Der Anteil an von Soldaten gezeugten Kindern, der immer extra aufgeführt wurde und in einigen Jahren bis zu einem Drittel aller Geborenen betragen konnte, kann daher nicht überraschen.

(Das Verhältnis der von Garnisonsoldaten zur Stadtbevölkerung zu untersuchen wäre eine andere Aufgabe;    1685: 11 Soldatenkinder von insgesamt 32 Taufen, 1892 sogar 12 von 31. Im Ganzen sind von den folgend aufgeführten 65 Hurenkindern 33 mit einem Soldaten als Vater bezeugt).

Bis 1688 werden uneheliche Kinder nicht erwähnt, unklar ist, ob es keine gab oder ob die Erwähnung nicht für erforderlich oder wünschenswert gehalten wurde.

Über die Taufe von normal geborenen Kindern wurde ganz sachlich berichtet

Handschrift 1688

Beispiel aus 1688:

..Novembr hatt Harm Ristenpatt ein Bürger und becker allhie seine Tochter zu der H. Tauffe gesandt, welcher Nahme ist Anna Hedewig gegeben. Die Gevattern seyn 1. Johann Dieterichs Fr.: 2. Friederich DettmeringsFr: M: Philipp Hachmeister der Müller allhie

Beispiel aus 1717:

Den 17. Mart ist des hiesigen Kellerwirths Kallmeyer Ehefrau mit einem jungen Sohn niederkommen, welcher dem 20ten ejusd…  getauft und Carl Christian genannt. Gevatter: der hiesige Richter Harmen Ristenpatt

Es sind fast immer die Väter und ihr Beruf, die genannt werden, wenn die Tochter ein Kind geboren hat, die Mütter der Kindfrauen werden selten mit Namen genannt. Dagegen wurde die „uneheliche“ Geburt hervorgehoben. Schlimm wurde die Geburt von „Hurenkindern“ angezeigt.

Wortwahl im Kirchenbuch

Da  war in der  Regel die Empörung des schriftführenden Pastors aus den immer wiederkehrenden Bezeichnungen Hurenkind oder Hur Kind, auch ehebrecherisches Hurkind herauszulesen. Diese Kinder wurden auch mit dem Makel des Hurenkindes beerdigt. Die Mütter der Hurenkinder wurden nur sehr selten auch als Hure bezeichnet.

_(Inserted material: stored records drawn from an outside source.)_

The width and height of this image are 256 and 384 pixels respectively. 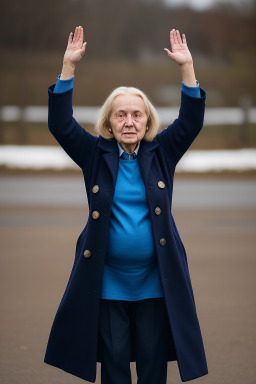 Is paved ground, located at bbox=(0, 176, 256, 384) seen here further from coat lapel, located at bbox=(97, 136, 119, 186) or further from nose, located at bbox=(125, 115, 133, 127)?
nose, located at bbox=(125, 115, 133, 127)

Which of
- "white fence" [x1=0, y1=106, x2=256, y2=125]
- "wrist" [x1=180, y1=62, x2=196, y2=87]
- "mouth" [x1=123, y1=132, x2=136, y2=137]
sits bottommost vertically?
"mouth" [x1=123, y1=132, x2=136, y2=137]

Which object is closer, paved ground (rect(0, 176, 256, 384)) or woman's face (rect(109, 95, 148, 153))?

So hat schon 1696 eine Pastorentochter aus Helstorf ihr bereits drittes Hurenkind taufen lassen.

Auch 1719 ist Anne Elisabeth leyder zum dritten Male mit einem unehelichen Kinde niedergekommen. Ob es sich um die gleiche Mutter handelt, die schon 1717 das an Schürchen gestorbene Hurkind beerdigt hat, ist wegen der Namensgleichheit anzunehmen.

1717 hat sich die Tochter eines Bürger und Brauers, eines offensichtlich honorigen Mannes, „zum anderen Male“ beschlafen lassen und ist mit einem unehelichen Kinde niedergekommen. Der angebliche Vater, ein Tambourmajor, gibt zu bedenken, dass ihn diese Tochter dazu verleitet habe, sich fleischlich zu vermischen. Da er aber mit seiner Companie verlegt worden war, blieb er dabei, nicht der Vater des Kindes sein zu können. Desungeachtet hat man mittels eines Geldangebotes doch versucht, dass er sich zur Vaterschaft bekennen sollte!

1719 ist ein Mädchen „zum anderen mahle mit einem Hur Kinde niederkommen, welches sie in Hannover von einem Conditor  erworben habe.“
Maria Marlene St. hat eine Tochter aus unehligen Beischlaf zur Weld geboren. Der namentlich bekannte Vater, ein Musquetier von Campens Regiment, ist jedoch weggelaufen.
Auch 1723 ist der angegebene Vater eines Huhr Kindes, Soldat im von Campen Regiment, desertieret.

1726 hat ein Paar Glück gehabt, weil die Ehefrau gleich nach der Copulation (also der Heirat) mit einem Sohn niederkam. So wurde das Kind  ganz knapp noch ehelich geboren! Sicher durfte die Mutter nur „ohne Kranz“ in die Kirche gehen!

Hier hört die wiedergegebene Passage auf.